> [Supplied material]
################

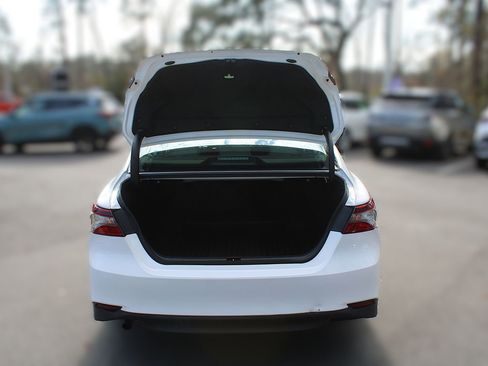 Used 2023 Toyota Camry LE image 9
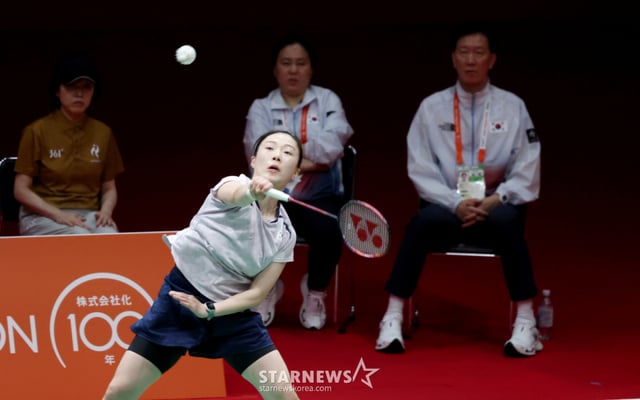 복식조 정나은과 김혜정이 23일 일본 아이치현 이치노미야 시립체육관에서 열린 2026 아이치·나고야 아시안게임 배드민턴 여자 단체전 준결승 일본전 3경기에서 강스매싱을 시도하고 있다. 한국은 첫 경기에서 안세영이 따냈지만 내리 두경기를 내주며 2-1로 일본에 밀려있다. 2026.09.23. /사진=강영조 cameratalks@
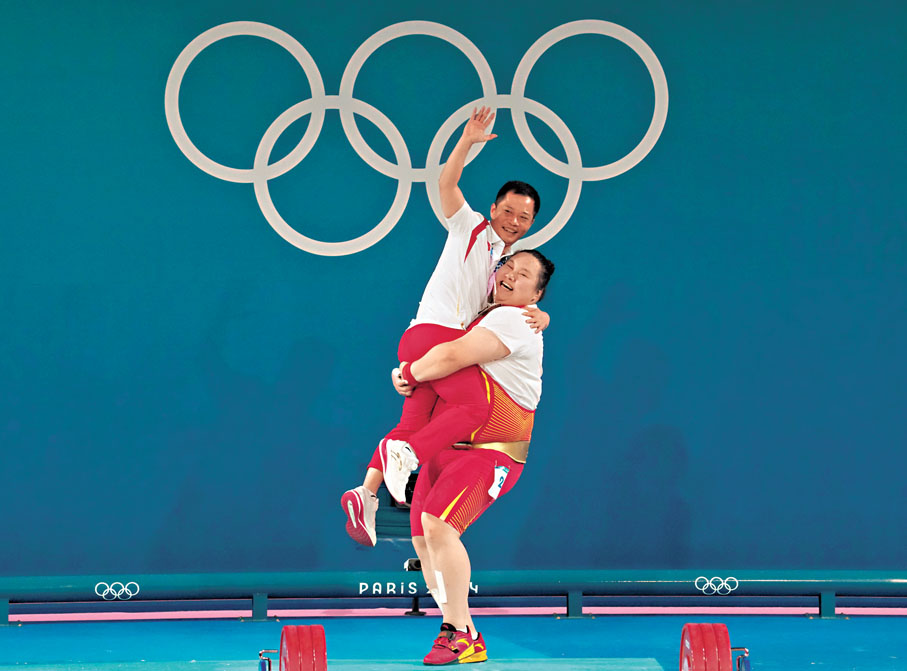 ◆李雯雯開心地抱起教練吳美錦慶祝。  新華社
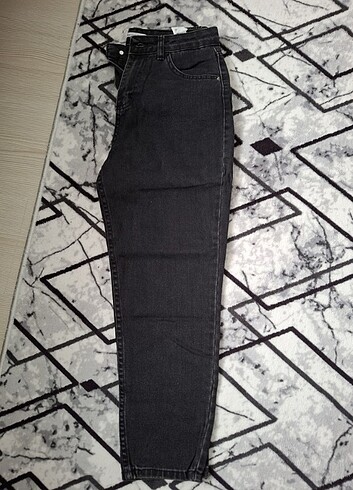 27 Beden siyah Renk Fullamoda pantolon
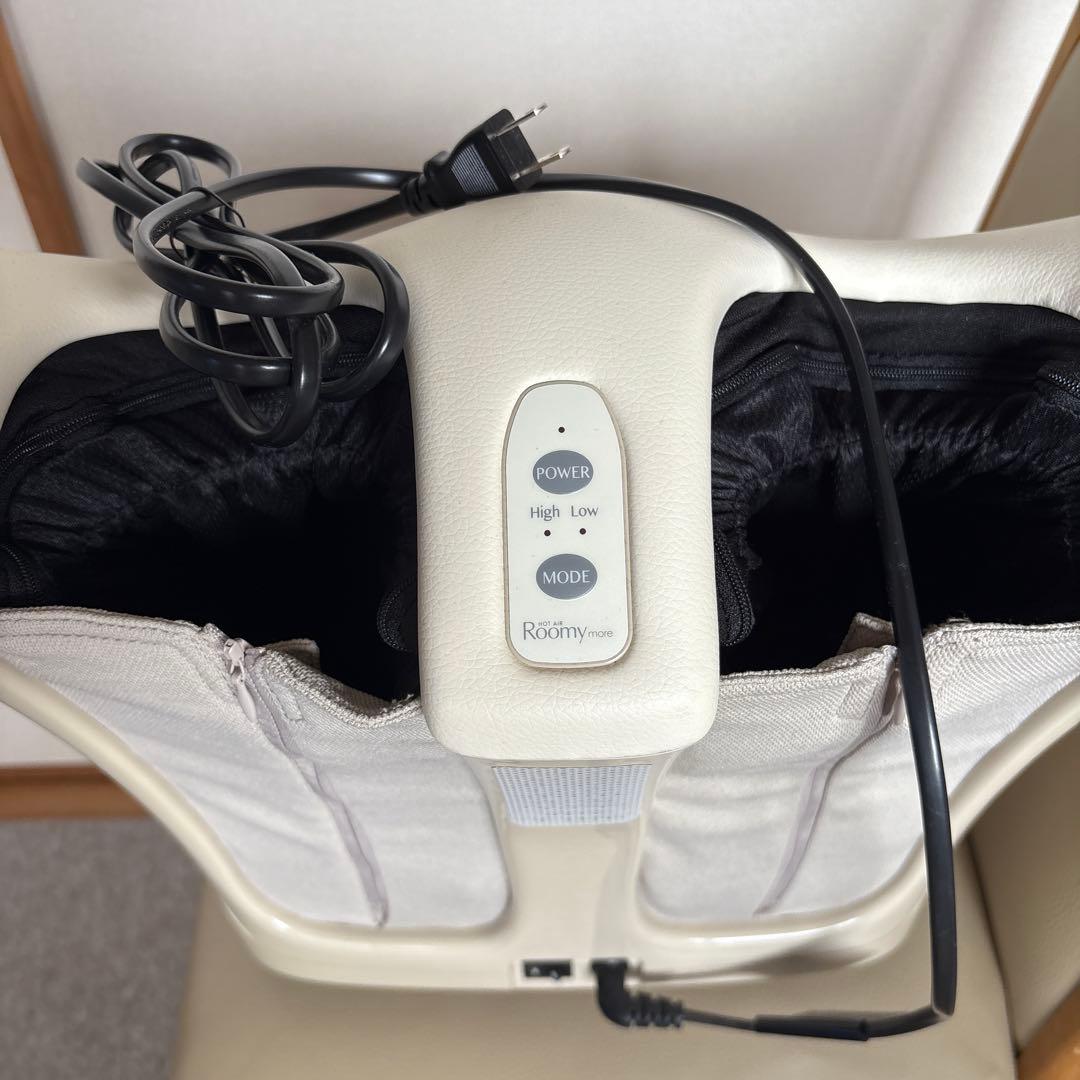 HOT AIR Roomy more足温器 ホワイト アイボリー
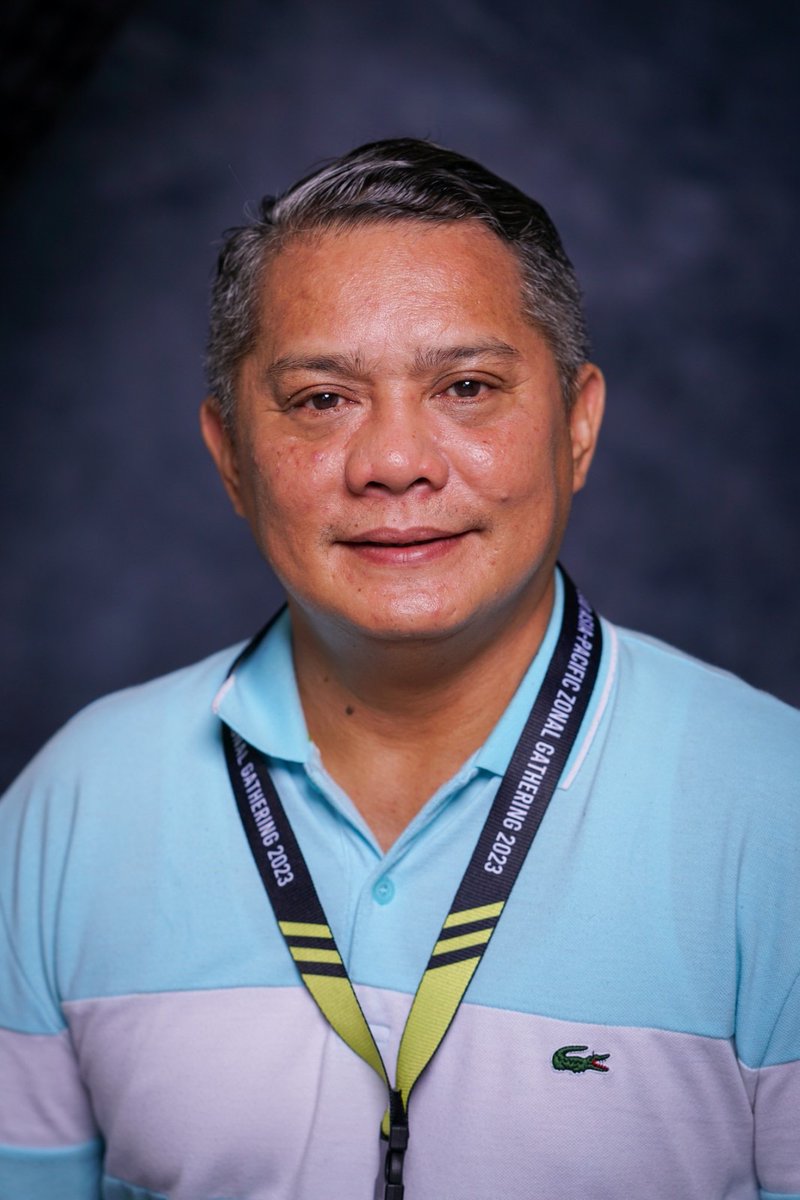 KM_Jessica_Soho's tweet photo. Freelance photographer, nag-aalok ng kanyang serbisyo bilang litratista para matulungan ang nasunugan niyang ina at matustusan ang pagpapagamot ng kanyang anak na may pambihirang sakit #KMJS https://t.co/Sy8rXayYeT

################

> [Exercise] The lines to retype run from the one containing "27 Beden siyah Renk Fullamoda pantolon" through the last line of the records above; write them exactly and skip the pictures.

> [Exercise solution]
 27 Beden siyah Renk Fullamoda pantolon
 HOT AIR Roomy more足温器 ホワイト アイボリー
 KM_Jessica_Soho's tweet photo. Freelance photographer, nag-aalok ng kanyang serbisyo bilang litratista para matulungan ang nasunugan niyang ina at matustusan ang pagpapagamot ng kanyang anak na may pambihirang sakit #KMJS https://t.co/Sy8rXayYeT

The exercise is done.